While we’ve focused largely on what not to do, the encouraging news is that companies can systematically increase their likelihood of success with package design. In fact, across our largest clients, we’ve found major variations in success rates, tied largely to differences in packaging development and research processes. Most notably, the most effective companies invest consistently in upfront learning and structural innovation.

Upfront learning: Across nearly all organizations, research is weighted heavily toward back-end validation to inform final decisions. And while this testing is certainly valuable and necessary, the learning that it provides comes at the very end of the process, when investments have already been made—and often when teams are up against deadlines and/or are committed to making changes. To improve the process, companies need more information and insights at the outset of design initiatives, to identify opportunities, allocate resources appropriately, and provide direction. Specifically, they need to understand the strengths, limitations, and equities of their current packaging.

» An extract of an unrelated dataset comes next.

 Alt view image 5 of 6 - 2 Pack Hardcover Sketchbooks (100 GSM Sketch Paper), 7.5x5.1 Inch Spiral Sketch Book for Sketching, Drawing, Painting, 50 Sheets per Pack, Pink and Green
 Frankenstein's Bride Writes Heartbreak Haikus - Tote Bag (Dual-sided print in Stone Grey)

For many clients, we’ve established baseline research as a best practice at the start of design initiatives. By evaluating current packaging relative to competition—on-shelf, in-hand, and in-use—and by identifying design equities via drawing and recognition exercises, we are able to inform design briefs and set clear objectives and action standards. Ultimately, this helps ensure that each redesign effort is solving the real problem and addressing an actual shopper need or competitive disadvantage.

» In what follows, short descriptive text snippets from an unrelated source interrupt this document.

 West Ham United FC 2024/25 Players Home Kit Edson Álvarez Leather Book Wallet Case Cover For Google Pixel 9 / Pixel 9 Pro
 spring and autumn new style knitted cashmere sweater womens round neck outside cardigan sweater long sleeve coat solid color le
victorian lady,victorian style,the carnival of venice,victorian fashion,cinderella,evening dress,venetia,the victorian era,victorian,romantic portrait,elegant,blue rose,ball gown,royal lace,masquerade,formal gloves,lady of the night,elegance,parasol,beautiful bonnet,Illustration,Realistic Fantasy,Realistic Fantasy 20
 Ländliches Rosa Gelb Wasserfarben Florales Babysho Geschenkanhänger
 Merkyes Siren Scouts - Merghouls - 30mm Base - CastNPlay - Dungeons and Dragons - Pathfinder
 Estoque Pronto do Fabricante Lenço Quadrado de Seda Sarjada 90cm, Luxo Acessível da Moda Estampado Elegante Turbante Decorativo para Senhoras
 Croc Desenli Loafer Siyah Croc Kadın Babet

A second best practice is to integrate the shopping context and store environment into the design brief, by documenting the shopper’s path-to-purchase, the retail realties of key channels, and the role of packaging vis-à-vis POS materials in the shopping experience.

Increasingly, this process includes understanding the digital world, including the interaction between online and brick-and-mortar shopping, and the role of smartphones and QR codes in the aisle. Collectively, this shopper insight helps define the core mission of the packaging and determines how to properly adapt packaging to different retail contexts, such as club and convenience stores. Of course, parallel efforts should also happen in the home, to document the packaging life cycle—from purchase through transport, usage, and disposal—and to understand how packaging fits within consumers’ lives. This in-home ethnography nearly always yields rich learning related to value drivers, barriers to usage occasions, and sources of frustration, which are critical in guiding innovation efforts.

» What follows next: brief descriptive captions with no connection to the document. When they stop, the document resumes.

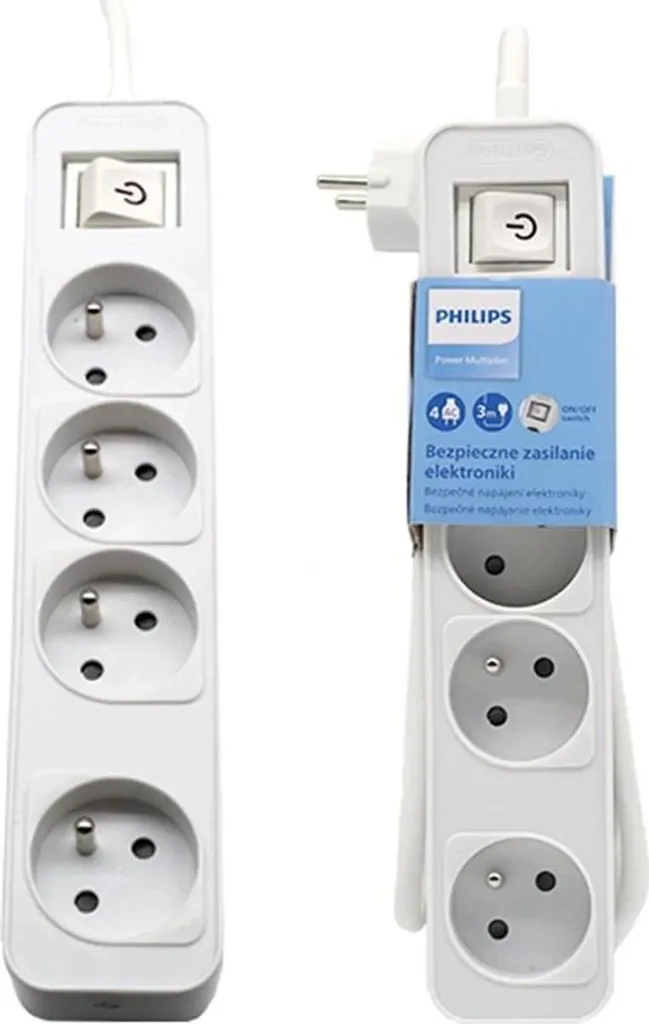 Rallonge Philips CHP2144WB/60 multiprise 4 prises 3m avec protection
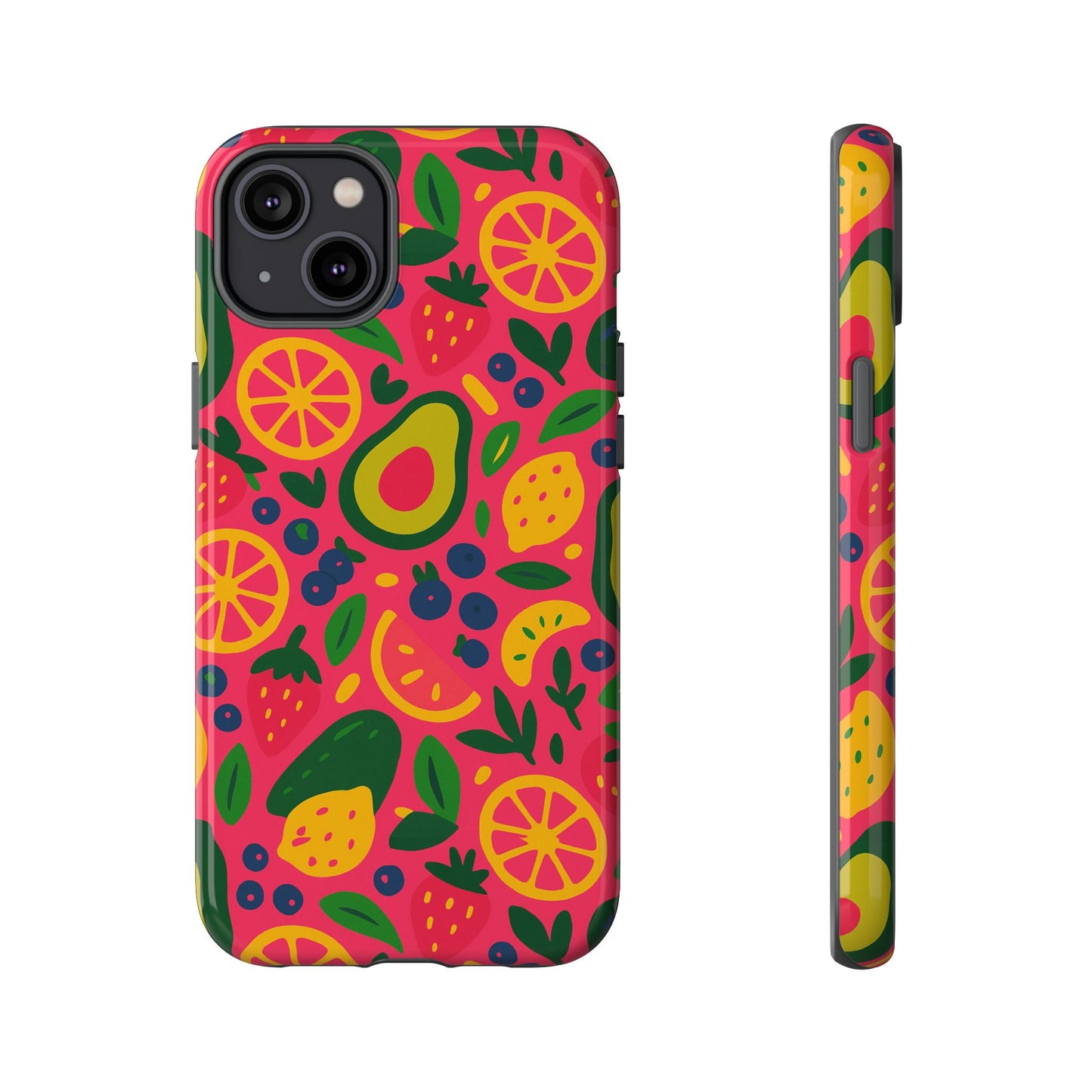 vibrant 3d fruit pattern protective phone case - playful accessory for individuality and stylish protection compatible with iphone 13, 14, 15 & 16 – all models including pro, pro max & plus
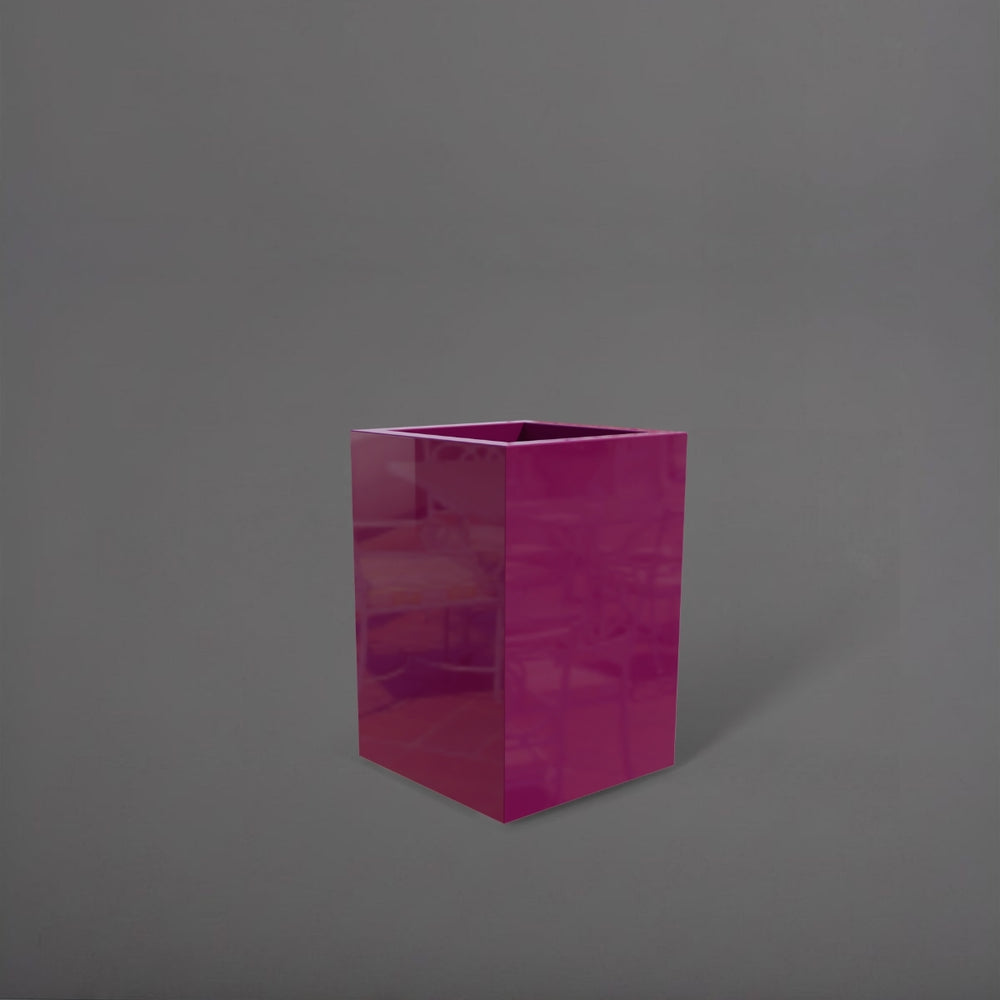 Miami Short Corner Fiberglass Planter  in gloss eggplant against gray background.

Structural innovation: Our 40 years of experience have consistently reinforced the value of structural innovation. Simply put, we’ve found that new packaging structures are more likely to drive success than graphics-only changes. That’s because new shapes, materials, and delivery systems can have a significant positive impact on shelf, in hand, and in the home, and across nearly all key dimensions of packaging performance (shelf visibility, shoppability, imagery and emotional connection, value, and usage). In addition, structural packaging innovation will almost surely play a major role in addressing the core issues and transformative challenges shaping our world, including globalization, public health, and sustainability.

Thus, as we look ahead, we’d encourage organizations to push the envelope and invest in packaging innovation that is:
Informed by knowledge of the shopper and store  
Rooted in an understanding of the brand’s packaging objectives and equities
Focused on key sources of value
Reinforced via effective on-pack messaging 

Companies that apply this discipline to their efforts—and avoid several common missteps—will be rewarded with higher levels of success and a stronger return from their packaging investments.